» **TASK ITEM**:
Repeat only the lines below from the one that contains "2010 Ford Escape" through the final line, exactly. Omit pictures.

:::

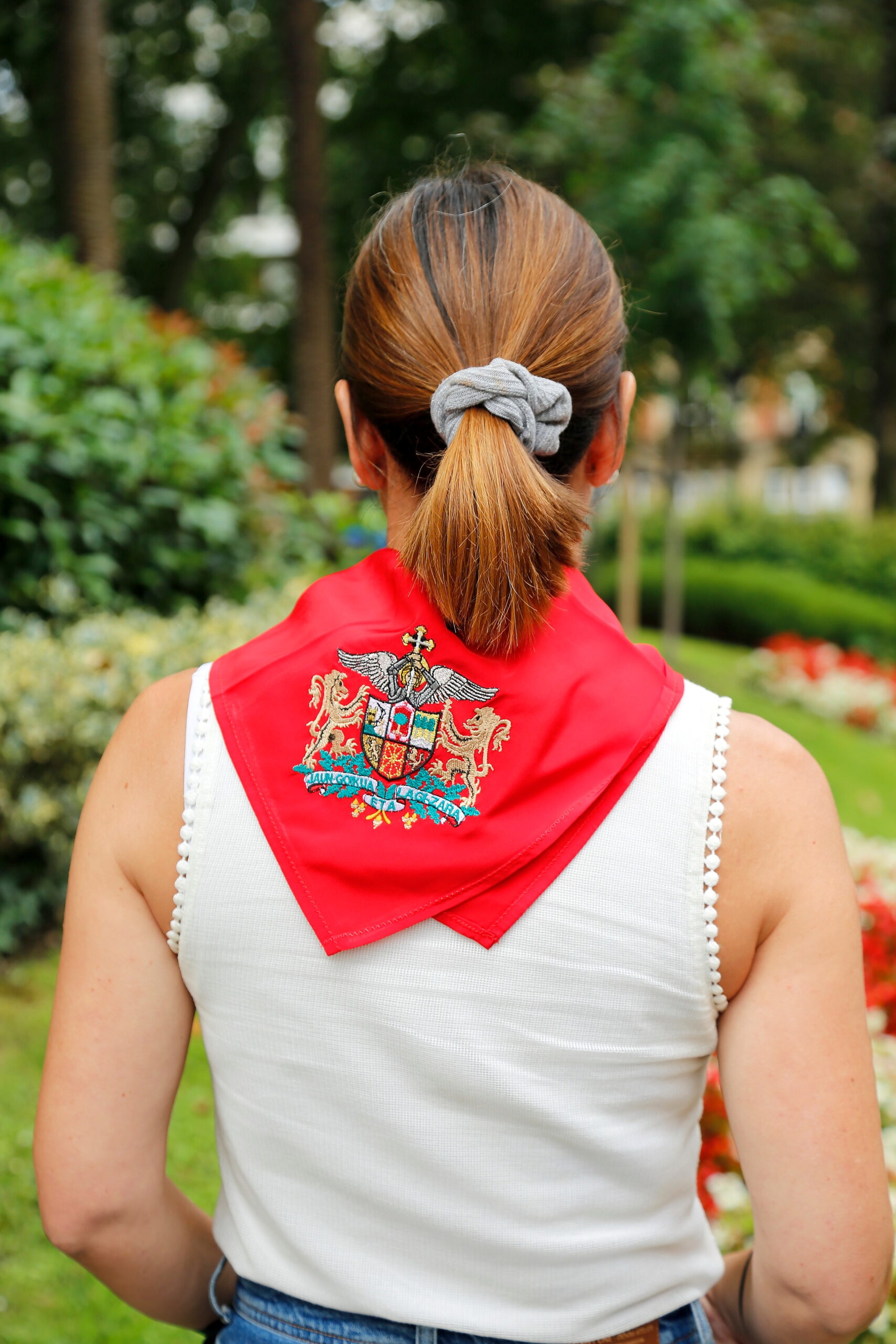 Pañuelo rojo con escudo San Miguel con Zazpirak bat zapi gorria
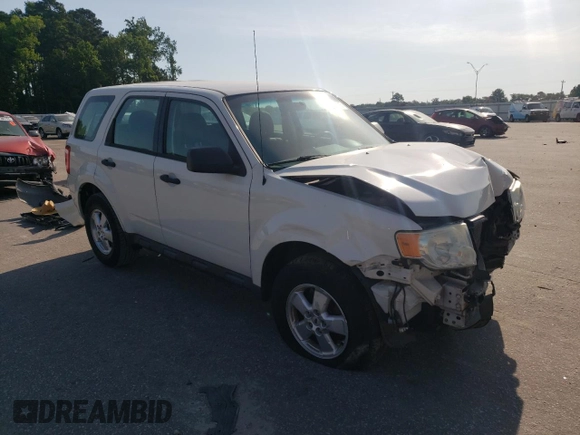 2010 Ford Escape XLS with VIN 1FMCU0C76AKB82752, listed as a Copart auction lot 57626565 with 194,931 mi miles and Salvage title. Bid and sale history available at DreamBid. Image 4.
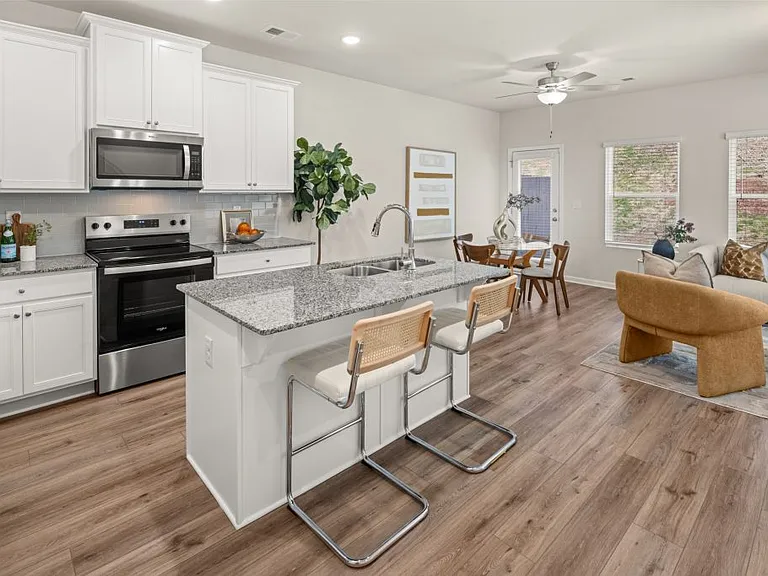 4270 Notting Hill Dr SW — Photo 15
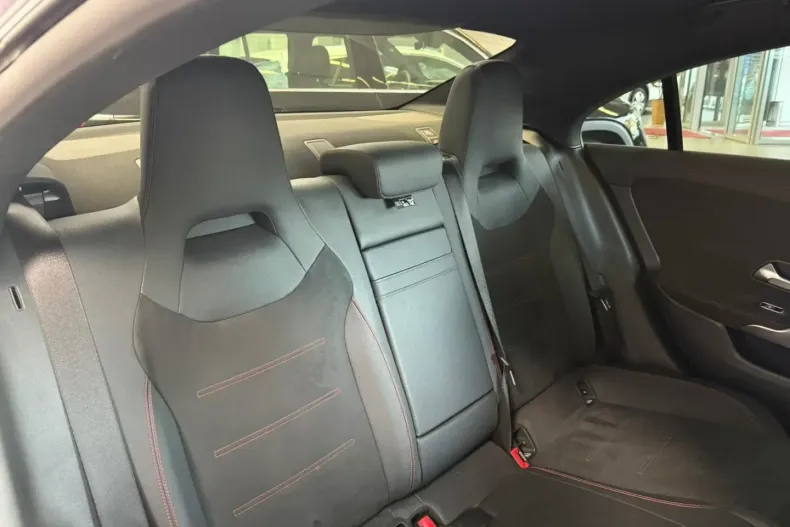 Mercedes-Benz CLA 250 din 2024 cu 14.019 km - oferta MER158514 - foto 15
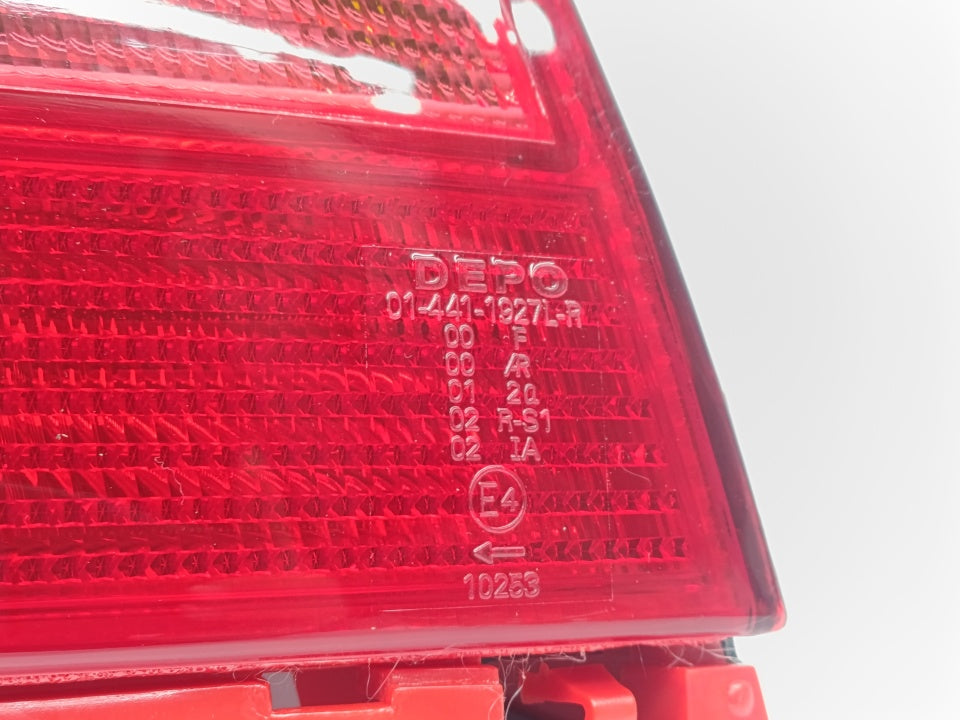Farolim Esquerdo Audi A4 94-99 4P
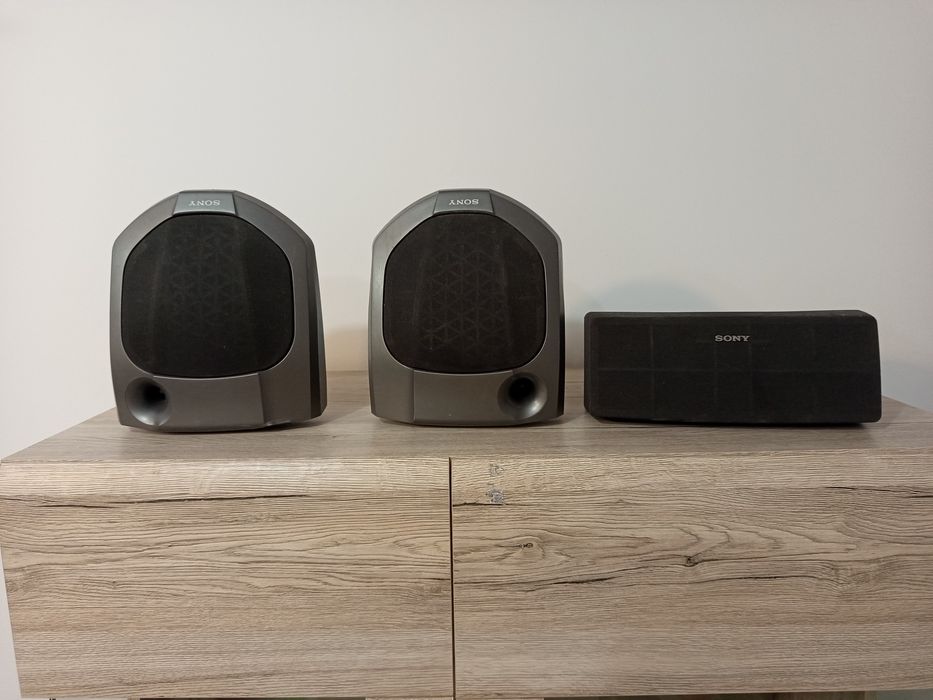 Doua boxe și un bas sony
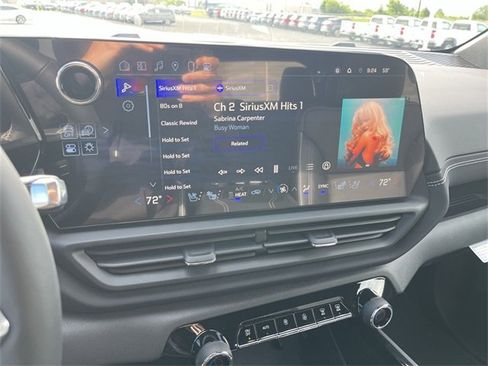 New 2025 Chevrolet Silverado EV LT image 13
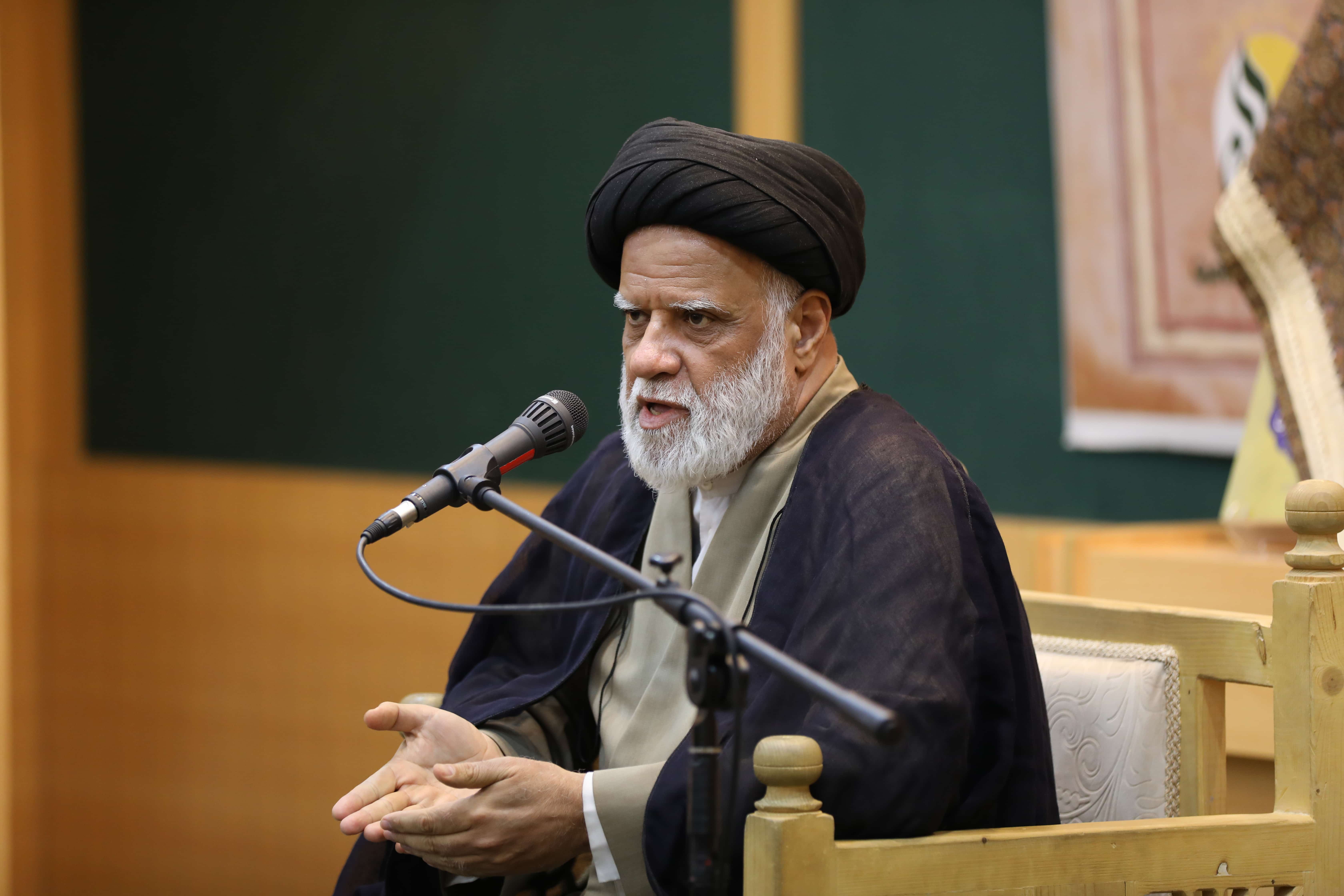 رونمایی از کتاب تقابل در مدیریت میراث نبوی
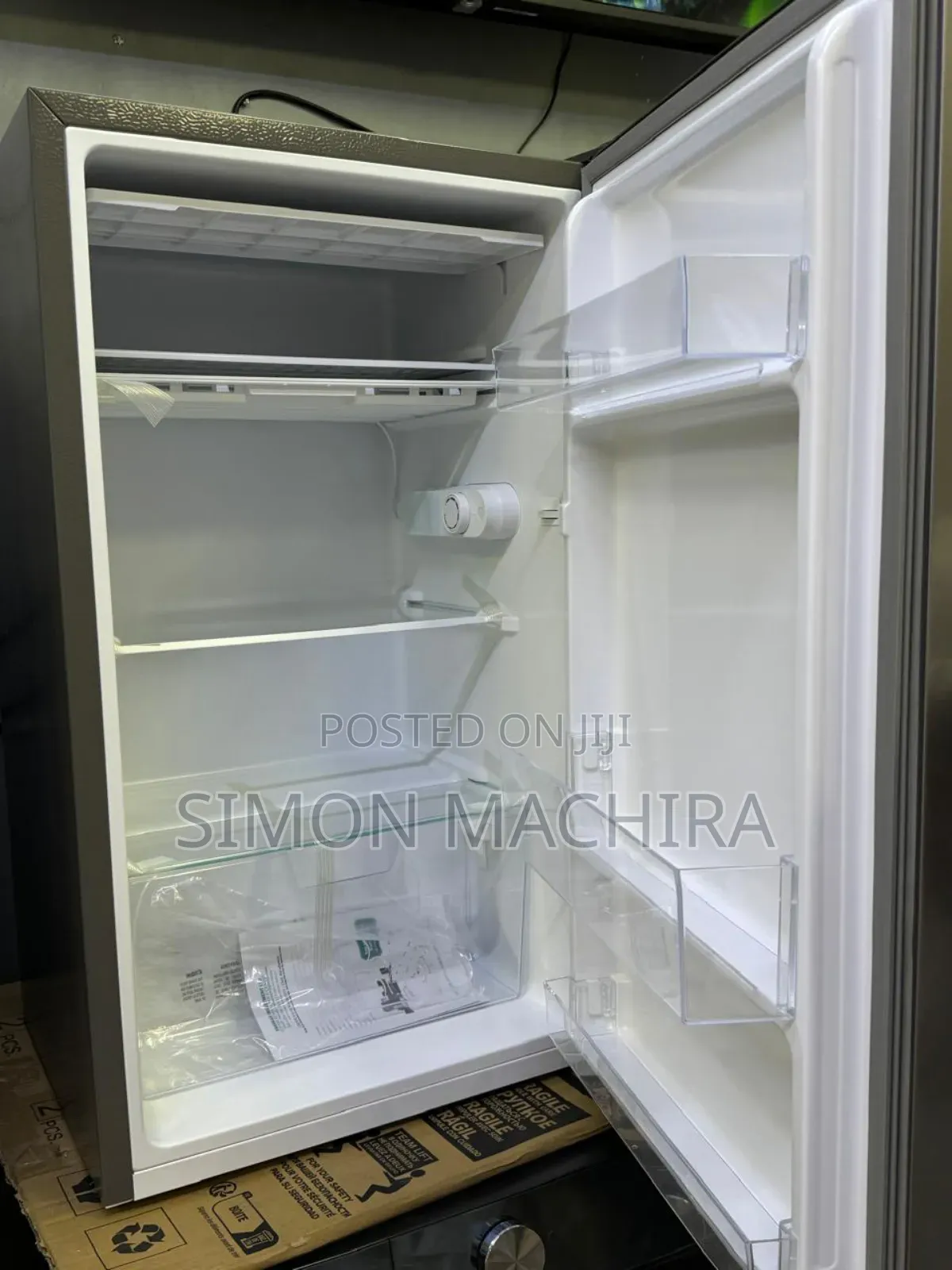 Hisense Mini Fridge Single Door Ref094dr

:::

» **ANSWER BELOW**:
 2010 Ford Escape XLS with VIN 1FMCU0C76AKB82752, listed as a Copart auction lot 57626565 with 194,931 mi miles and Salvage title. Bid and sale history available at DreamBid. Image 4.
 4270 Notting Hill Dr SW — Photo 15
 Mercedes-Benz CLA 250 din 2024 cu 14.019 km - oferta MER158514 - foto 15
Farolim Esquerdo Audi A4 94-99 4P
 Doua boxe și un bas sony
 New 2025 Chevrolet Silverado EV LT image 13
 رونمایی از کتاب تقابل در مدیریت میراث نبوی
 Hisense Mini Fridge Single Door Ref094dr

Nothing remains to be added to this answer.